It’s not about giving up candy, it’s about freedom…

Matthew 15:11

Not that which goeth into the mouth defileth a man; but that which cometh out of the mouth, this defileth a man.

I can’t help but note the timing of the random receiving of this particular quote. It’s the first full week of Lent, a time when many Christians are “giving up” little pleasures. We do this in remembrance of Jesus’s 40 days in the desert, a time that he spent fasting and praying – and overcoming temptations. In ancient days, Christians were much more serious and involved in fasting for the observance of Lent. Now, we only fast at the beginning, on Ash Wednesday, and at the end, on Good Friday. But, in between, we try to make small sacrifices in solidarity with Christ and in repentance for our sins. Life is full of temptations, and we don’t always overcome them as he did, but, rather, succumb to them. Therefore, Lent is a penitential season, a time to reflect upon our own weaknesses and the sins that we have committed, sorrowfully penitent for going against God’s will.

So, many people give up candy or desserts, or sweets in general. Some people don’t drink coffee or soda during Lent, or maybe they give up going to restaurants or out to see movies. The modern thing to do seems to be giving up Facebook for the 40 day observance. I’ve given up daydreaming. That may sound funny, but, often when I need to lie down to rest, I don’t watch television. Rather, I make up my own stories in my own head. Sometimes the stories bleed out into the times when I am not needing to rest and there are days when my “head is in a cloud.” This is rather a difficult thing to give up because it is so easy to do. I don’t need to open a cupboard or refrigerator or click an icon on my computer screen in order to indulge. I merely think. And I’m always thinking.

Do I make this sacrifice for Lent because daydreaming is bad for me? No, although, I suppose it would depend on the daydream. Many things that I have written, however, things that are of substance and worth, have begun in daydreams, or what I like to call “imaginings”. I imagine a character with a certain background and personality, put that character into a particular situation and then imagine being that person. I imagine interactions with other people, many conversations, often including ethical or moral dilemmas, motivations for why people do the things that they do, moments that can speak deeply to different individuals at different times, and so on. I explore “mob mentality”, being a religious person in a secular workplace, the challenges of modern preachers, and the challenges of maintaining integrity in politics. Other people can do these things through reading, watching TV programs, movies, or listening to radio talk shows, but, when I do, I notice that I am mostly absorbing other people’s opinions. I will take facts and real life scenarios from various sources, but then I choose a deeply empathetic approach to understanding life – by actually imagining walking in someone else’s shoes.
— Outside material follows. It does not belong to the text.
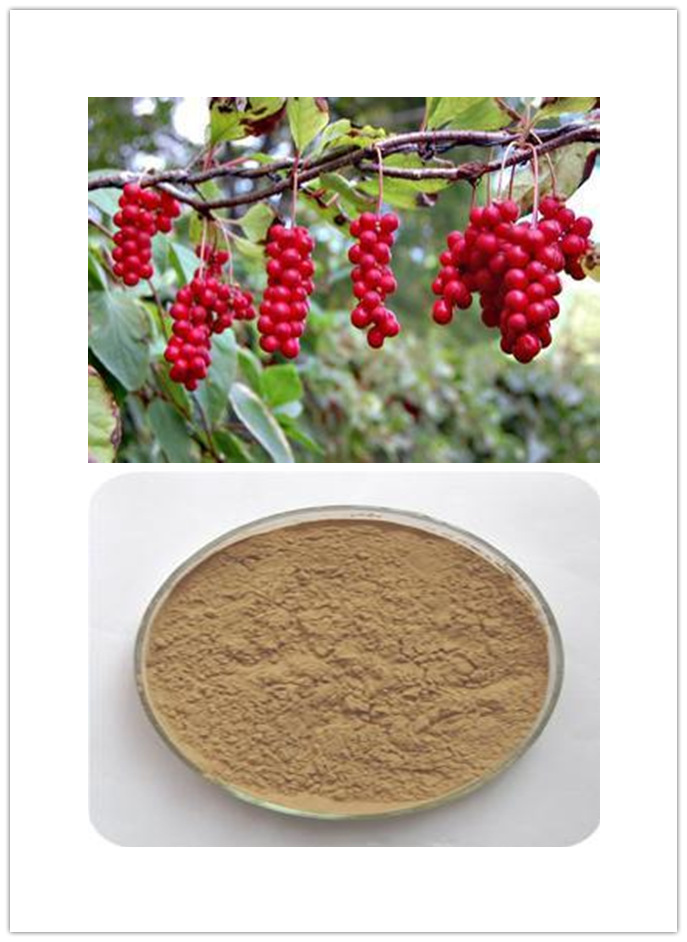 Schisandra Extract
You may be wondering, if it isn’t bad for me, then why am I giving it up? Well, if my imaginings were truly bad for me, then I shouldn’t be doing them any time of the year. It would be silly to give them up for 40 days in solidarity with Christ and then take up my bad habits and sins again at Easter. If people are overeating sweet things in their ordinary lives, suffering from gluttony, it may be a good idea for them to give up sweets for Lent – but also beyond Lent. The idea of Lenten sacrifice is to give up some little non-sinful pleasure for the 40 day observance. Some little thing that you enjoy but that is not bad for you, in and of itself. One of the best reasons for doing this is to open your eyes to how you live your everyday, ordinary life. We often become dependent upon little pleasures – thinking that we can’t start our day without a cup of coffee or that our days are not complete without checking Facebook. What would life be without desserts? Would the world stopped turning? Of course not. Lenten sacrifices can help us see that we are stronger and less dependent on “things” then we may have thought.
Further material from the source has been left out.